Syrie: l’opposition de l’intérieur réclame une Conférence nationale

Le mouvement de protestation sociale initié à Deraa le 15 mars dernier et qui rassemble largement la jeunesse syrienne s’est organisé en comités de coordination ancrés dans les principales villes du pays et fédérés à l’échelon national. Ils viennent de s’entendre sur un programme de transition politique avec l’opposition laïque et religieuse jusqu’ici étouffée par le régime.

La jeunesse syrienne reste en première ligne face à la répression sanglante du régime mais elle vient de franchir une étape dans l’action en passant de la simple récitation de slogans à la rédaction d’un véritable programme politique. Et sur ce terrain, elle peut compter sur l'appui de l'opposition politique traditionnelle. Et en particulier sur les militants politiques, laïcs ou partisans d'un islam politique, déjà partenaires en 2001 de la Déclaration de Damas avec laquelle ils avaient lancé en vain un appel au changement démocratique à Bachar el-Assad, le jeune ophtalmologue qui succédait alors à Hafez el-Assad, son général de père. Toutes couleurs politiques confondues, habitués des prisons sinon de l’exil, beaucoup se sont agrégés dans cette nouvelle opposition de l'intérieur qui s’est organisée dans les principales villes de Syrie en comités de coordination.

Programme de transition

Le 11 juin, le Comité national de coordination est parvenu à un consensus entre toutes ces composantes de l’opposition autour d’une plateforme politique intitulé « La vision des comités de coordination pour l’avenir politique de la Syrie » qui constitue un véritable programme de sortie de la crise qu’ils analysent comme politique, économique et sécuritaire.

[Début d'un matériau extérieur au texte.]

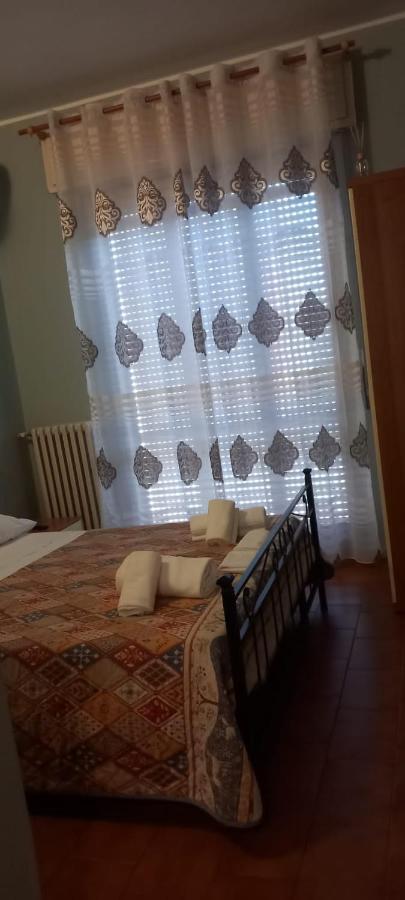 Orchidea 1 Hotel Peschiera del Garda Bagian luar foto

Avec les jeunes en quête de changement pour avant-garde, de vieux routiers de la politique ont concocté non seulement un cahier de revendications mais surtout un agenda du changement. Ils le veulent radical mais surtout pas menaçant pour l’unité de la mosaïque communautaire syrienne.

Ce n'est pas un dialogue que propose cette opposition de l’intérieur, surtout pas le genre de dialogue recherché avec des obligés par le régime aux abois. C’est un programme de transition qu'ils voudraient négocier dans le cadre d'un Congrès ou d'une Conférence nationale, une concertation politique élargie, si possible, à des représentants du régime. L'objectif serait de former un Conseil de transition composé de civils et de militaires, le temps de préparer l’avènement d’un régime démocratique en chargeant notamment une Assemblée constituante de rédiger une nouvelle Constitution.

Le Comité national de coordination évalue à six mois la durée probable de cette transition. Mais d'abord, il exige la restauration de la liberté d'expression et d'organisation politique et, en même temps, la dissolution des organes sécuritaires et des « shabiha » qui servent de garde prétorienne au pouvoir. L'armée pourrait se charger très provisoirement d'assurer la sécurité. Quand au pilier politique du pouvoir, le parti Baas, il devrait renoncer à son monopole sur l'Etat pour redevenir un parti comme les autres. L'objectif est d'en finir avec le régime el-Assad tout en évitant les représailles et les affrontements communautaires.

Défendre l’unité du pays

Pour le moment, le Comité national de coordination reste discret sur l’identité de ses membres et de ses sympathisants politiques, répression oblige. Et comme en témoignent les arrestations opérées par le régime dans les rangs des partis traditionnels ou des organisations des droits de l’homme, Damas prend leur contribution au sérieux. La clandestinité n’entame cependant en rien leur volonté d’un changement qui évite le vide politique ou le chaos promis par le régime. Une menace qui tient d’ailleurs à l’écart de l’opposition certaines communautés échaudées ou au contraire séduites par l’histoire régionale, celle des chrétiens ou des Kurdes en Irak par exemple. L’objectif est, dans tous les cas, de défendre l’unité de la Syrie.